> [TASK INSTRUCTIONS] Copy exactly, please, the lines of the data from its start through the line containing "Carbonado 2015-2019 Lamborghini".

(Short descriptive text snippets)
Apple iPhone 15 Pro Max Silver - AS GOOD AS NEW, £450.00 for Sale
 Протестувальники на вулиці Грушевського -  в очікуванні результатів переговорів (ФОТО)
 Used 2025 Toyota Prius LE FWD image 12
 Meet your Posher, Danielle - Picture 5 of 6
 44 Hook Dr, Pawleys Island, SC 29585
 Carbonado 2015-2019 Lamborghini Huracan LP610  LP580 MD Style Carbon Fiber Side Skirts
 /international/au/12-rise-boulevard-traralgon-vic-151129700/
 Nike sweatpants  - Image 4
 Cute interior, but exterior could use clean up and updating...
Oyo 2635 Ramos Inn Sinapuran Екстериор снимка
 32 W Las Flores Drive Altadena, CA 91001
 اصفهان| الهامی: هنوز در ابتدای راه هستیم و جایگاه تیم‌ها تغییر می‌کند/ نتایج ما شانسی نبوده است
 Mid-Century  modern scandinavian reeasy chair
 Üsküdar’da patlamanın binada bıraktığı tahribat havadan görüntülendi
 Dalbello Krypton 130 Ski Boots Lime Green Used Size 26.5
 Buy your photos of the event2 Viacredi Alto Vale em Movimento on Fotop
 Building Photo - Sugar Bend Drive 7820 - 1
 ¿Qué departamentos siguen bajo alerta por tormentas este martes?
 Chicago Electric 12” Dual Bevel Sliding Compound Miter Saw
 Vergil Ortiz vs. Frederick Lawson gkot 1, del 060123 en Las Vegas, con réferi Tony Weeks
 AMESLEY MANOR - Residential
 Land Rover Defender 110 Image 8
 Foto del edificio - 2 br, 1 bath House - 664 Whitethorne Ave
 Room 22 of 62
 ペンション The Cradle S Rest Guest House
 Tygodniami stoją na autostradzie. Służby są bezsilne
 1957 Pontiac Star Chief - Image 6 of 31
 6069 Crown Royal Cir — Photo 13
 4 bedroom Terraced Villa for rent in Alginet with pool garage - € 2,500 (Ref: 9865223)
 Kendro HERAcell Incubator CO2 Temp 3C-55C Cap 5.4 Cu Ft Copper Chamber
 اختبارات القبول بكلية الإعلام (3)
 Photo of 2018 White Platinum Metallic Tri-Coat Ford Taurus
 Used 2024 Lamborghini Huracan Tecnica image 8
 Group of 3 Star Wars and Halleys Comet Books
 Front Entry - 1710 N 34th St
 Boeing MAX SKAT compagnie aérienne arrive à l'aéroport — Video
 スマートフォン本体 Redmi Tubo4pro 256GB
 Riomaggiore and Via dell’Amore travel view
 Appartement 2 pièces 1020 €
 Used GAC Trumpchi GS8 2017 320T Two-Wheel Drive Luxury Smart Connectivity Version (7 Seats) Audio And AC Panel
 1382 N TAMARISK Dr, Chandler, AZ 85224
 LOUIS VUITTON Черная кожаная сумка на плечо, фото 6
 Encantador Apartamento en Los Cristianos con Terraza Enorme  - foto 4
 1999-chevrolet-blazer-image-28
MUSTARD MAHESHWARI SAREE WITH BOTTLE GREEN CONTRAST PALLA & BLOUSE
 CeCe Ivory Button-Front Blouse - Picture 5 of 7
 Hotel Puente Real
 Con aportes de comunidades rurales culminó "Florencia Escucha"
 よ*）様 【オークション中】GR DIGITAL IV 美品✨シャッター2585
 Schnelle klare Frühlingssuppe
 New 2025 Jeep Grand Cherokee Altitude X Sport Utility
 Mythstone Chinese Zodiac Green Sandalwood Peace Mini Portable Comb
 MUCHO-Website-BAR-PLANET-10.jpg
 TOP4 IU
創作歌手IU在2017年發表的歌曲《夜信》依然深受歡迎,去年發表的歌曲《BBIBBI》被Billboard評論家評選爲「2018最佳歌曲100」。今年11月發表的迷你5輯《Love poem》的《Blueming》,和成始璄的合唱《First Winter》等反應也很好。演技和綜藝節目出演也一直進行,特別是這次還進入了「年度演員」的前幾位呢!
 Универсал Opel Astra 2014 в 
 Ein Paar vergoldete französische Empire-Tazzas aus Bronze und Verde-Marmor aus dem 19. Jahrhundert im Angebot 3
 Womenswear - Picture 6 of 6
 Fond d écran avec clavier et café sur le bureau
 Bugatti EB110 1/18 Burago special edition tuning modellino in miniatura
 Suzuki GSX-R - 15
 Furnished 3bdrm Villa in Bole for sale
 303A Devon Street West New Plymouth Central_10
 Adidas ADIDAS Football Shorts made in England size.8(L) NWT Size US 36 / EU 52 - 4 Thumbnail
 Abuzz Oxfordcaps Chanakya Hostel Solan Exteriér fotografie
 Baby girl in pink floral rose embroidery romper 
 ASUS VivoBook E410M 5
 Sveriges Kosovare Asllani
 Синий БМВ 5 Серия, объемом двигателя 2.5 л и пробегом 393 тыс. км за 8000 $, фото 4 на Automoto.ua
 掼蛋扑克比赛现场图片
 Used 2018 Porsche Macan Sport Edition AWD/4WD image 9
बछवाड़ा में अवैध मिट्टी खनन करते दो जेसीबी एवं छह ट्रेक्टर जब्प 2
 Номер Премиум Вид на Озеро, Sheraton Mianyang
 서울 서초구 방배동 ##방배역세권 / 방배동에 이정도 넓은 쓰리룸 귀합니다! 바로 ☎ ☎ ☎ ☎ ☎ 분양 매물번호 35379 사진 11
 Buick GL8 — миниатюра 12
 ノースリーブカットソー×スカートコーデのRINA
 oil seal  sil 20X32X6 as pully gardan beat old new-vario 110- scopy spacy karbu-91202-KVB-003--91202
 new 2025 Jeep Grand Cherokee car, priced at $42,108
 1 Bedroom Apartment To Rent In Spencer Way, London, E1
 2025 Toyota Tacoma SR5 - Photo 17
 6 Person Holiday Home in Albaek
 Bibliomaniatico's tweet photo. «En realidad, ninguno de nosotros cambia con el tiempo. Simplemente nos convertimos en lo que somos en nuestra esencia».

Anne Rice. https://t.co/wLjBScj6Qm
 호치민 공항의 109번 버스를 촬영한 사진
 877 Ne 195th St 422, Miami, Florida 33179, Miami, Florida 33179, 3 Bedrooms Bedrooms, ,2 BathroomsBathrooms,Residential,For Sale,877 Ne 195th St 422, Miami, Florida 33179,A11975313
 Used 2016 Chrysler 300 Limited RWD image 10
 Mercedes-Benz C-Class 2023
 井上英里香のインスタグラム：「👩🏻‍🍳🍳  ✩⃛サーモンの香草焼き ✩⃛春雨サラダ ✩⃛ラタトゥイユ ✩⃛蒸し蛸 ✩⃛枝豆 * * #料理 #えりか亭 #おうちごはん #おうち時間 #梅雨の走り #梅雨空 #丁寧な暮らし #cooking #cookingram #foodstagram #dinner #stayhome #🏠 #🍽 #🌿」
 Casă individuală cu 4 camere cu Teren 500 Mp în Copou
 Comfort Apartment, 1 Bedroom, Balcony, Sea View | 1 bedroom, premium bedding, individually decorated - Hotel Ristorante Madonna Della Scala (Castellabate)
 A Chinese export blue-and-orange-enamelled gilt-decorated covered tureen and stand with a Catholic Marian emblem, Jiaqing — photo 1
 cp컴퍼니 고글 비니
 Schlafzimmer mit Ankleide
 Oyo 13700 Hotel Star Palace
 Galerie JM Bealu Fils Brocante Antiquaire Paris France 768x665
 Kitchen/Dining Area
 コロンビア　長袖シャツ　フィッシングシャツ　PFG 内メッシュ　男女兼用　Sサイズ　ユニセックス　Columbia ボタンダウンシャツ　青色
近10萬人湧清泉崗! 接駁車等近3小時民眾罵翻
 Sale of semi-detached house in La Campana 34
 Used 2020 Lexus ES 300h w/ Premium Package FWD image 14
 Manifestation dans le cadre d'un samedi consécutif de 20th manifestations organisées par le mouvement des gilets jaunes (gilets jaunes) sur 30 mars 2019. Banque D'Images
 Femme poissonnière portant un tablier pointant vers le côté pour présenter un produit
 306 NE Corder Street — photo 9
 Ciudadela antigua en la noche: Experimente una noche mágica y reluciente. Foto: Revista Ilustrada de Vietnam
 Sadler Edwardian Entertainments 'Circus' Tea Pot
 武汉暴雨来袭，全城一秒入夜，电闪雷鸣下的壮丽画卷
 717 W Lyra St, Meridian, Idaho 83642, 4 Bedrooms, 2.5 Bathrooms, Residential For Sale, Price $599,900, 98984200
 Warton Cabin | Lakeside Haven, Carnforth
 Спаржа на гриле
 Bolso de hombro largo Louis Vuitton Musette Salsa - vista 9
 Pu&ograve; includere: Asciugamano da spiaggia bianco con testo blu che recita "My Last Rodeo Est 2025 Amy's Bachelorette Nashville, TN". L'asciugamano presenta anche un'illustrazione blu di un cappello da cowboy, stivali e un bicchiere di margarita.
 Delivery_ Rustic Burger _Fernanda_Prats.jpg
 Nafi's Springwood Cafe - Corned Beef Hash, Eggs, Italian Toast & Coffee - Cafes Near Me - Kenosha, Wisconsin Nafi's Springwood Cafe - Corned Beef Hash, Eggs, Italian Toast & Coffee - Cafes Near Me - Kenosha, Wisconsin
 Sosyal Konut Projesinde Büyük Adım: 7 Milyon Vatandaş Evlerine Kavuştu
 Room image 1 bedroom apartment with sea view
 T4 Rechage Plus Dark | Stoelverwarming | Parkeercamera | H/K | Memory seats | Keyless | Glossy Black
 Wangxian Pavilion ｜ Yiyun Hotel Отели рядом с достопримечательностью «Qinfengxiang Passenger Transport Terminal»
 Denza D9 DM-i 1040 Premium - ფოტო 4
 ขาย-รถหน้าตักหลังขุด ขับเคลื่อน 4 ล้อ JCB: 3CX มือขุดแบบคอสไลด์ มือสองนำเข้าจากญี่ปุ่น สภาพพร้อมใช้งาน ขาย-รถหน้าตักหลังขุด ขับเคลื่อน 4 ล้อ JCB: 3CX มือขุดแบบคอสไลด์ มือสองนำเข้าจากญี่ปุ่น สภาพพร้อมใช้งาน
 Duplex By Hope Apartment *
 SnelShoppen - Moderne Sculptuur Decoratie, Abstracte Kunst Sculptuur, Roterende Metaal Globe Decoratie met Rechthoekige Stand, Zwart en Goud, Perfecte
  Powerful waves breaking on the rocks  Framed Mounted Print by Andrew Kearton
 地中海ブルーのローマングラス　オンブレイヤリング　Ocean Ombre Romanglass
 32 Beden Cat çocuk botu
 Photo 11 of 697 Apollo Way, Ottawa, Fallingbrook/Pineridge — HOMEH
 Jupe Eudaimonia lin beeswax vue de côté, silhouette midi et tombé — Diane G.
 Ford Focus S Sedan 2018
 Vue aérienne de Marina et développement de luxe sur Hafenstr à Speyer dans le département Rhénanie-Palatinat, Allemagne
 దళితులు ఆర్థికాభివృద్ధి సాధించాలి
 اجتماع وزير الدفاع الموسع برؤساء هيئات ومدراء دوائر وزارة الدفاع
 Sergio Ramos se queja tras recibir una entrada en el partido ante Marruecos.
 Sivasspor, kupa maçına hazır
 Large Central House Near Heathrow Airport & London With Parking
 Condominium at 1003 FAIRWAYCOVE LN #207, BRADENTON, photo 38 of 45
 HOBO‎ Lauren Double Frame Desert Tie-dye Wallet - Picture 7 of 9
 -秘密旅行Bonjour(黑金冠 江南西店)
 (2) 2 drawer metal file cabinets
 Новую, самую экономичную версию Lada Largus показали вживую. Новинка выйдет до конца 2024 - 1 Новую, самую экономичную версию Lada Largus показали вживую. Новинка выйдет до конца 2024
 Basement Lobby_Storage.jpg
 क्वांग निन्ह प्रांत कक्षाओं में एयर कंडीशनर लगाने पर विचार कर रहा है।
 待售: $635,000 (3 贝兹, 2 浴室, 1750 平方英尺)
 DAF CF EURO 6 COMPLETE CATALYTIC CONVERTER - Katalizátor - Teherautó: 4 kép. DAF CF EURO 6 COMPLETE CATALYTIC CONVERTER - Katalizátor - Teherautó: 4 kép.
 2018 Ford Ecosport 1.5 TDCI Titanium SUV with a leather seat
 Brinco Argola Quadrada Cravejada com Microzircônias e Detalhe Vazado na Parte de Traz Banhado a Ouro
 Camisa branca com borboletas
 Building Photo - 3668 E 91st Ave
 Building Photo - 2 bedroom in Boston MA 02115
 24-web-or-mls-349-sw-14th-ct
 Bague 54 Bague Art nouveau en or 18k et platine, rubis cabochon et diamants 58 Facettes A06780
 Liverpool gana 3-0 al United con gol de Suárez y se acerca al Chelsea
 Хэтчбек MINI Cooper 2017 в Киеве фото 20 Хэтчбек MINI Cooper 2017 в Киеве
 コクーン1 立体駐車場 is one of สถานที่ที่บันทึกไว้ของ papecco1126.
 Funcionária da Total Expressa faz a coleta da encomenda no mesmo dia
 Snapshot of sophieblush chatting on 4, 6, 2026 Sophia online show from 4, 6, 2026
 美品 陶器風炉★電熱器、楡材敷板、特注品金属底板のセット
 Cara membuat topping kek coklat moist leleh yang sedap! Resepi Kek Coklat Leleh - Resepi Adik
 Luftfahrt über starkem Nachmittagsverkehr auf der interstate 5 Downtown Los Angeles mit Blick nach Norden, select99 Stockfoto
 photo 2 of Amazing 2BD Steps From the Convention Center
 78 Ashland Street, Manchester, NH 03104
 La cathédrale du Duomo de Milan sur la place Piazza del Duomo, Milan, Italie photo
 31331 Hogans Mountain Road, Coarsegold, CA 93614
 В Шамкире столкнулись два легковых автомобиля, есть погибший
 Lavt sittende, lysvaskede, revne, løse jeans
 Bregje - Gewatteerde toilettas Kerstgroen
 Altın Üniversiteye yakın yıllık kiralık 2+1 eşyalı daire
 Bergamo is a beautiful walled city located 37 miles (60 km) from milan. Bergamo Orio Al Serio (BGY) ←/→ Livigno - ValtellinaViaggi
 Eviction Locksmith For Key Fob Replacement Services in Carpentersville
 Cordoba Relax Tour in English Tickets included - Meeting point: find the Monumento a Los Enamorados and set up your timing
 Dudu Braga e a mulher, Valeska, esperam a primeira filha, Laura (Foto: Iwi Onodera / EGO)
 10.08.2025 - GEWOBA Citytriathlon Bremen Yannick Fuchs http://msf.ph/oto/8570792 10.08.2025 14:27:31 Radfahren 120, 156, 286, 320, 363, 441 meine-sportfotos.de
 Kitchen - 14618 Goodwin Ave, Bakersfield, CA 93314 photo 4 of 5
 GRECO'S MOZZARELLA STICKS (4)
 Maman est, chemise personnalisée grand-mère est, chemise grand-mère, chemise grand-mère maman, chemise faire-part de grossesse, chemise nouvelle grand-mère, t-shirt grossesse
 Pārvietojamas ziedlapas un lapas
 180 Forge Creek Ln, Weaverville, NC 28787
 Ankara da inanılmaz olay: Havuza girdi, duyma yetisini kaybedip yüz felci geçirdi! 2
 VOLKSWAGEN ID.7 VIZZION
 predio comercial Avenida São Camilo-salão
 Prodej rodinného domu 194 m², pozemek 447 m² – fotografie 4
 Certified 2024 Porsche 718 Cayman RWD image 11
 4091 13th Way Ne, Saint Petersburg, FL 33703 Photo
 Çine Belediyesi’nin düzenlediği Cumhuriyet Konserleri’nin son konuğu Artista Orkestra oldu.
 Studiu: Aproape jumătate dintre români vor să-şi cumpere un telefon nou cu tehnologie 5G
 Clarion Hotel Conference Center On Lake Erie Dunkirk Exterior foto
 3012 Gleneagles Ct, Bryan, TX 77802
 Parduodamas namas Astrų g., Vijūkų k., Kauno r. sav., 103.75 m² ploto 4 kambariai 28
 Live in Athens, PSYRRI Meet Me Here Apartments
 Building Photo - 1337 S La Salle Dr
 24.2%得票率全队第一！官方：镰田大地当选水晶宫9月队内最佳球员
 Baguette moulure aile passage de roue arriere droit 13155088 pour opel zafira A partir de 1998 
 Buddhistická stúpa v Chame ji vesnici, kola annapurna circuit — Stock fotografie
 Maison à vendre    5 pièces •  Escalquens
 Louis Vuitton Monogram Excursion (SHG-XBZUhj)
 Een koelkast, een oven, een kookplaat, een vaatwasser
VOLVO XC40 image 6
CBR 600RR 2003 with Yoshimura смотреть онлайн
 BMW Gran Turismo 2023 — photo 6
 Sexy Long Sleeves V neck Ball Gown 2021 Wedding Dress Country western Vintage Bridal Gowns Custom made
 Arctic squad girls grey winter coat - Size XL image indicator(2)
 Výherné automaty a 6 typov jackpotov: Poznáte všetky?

> [ANSWER SPACE]
Apple iPhone 15 Pro Max Silver - AS GOOD AS NEW, £450.00 for Sale
 Протестувальники на вулиці Грушевського -  в очікуванні результатів переговорів (ФОТО)
 Used 2025 Toyota Prius LE FWD image 12
 Meet your Posher, Danielle - Picture 5 of 6
 44 Hook Dr, Pawleys Island, SC 29585
 Carbonado 2015-2019 Lamborghini Huracan LP610  LP580 MD Style Carbon Fiber Side Skirts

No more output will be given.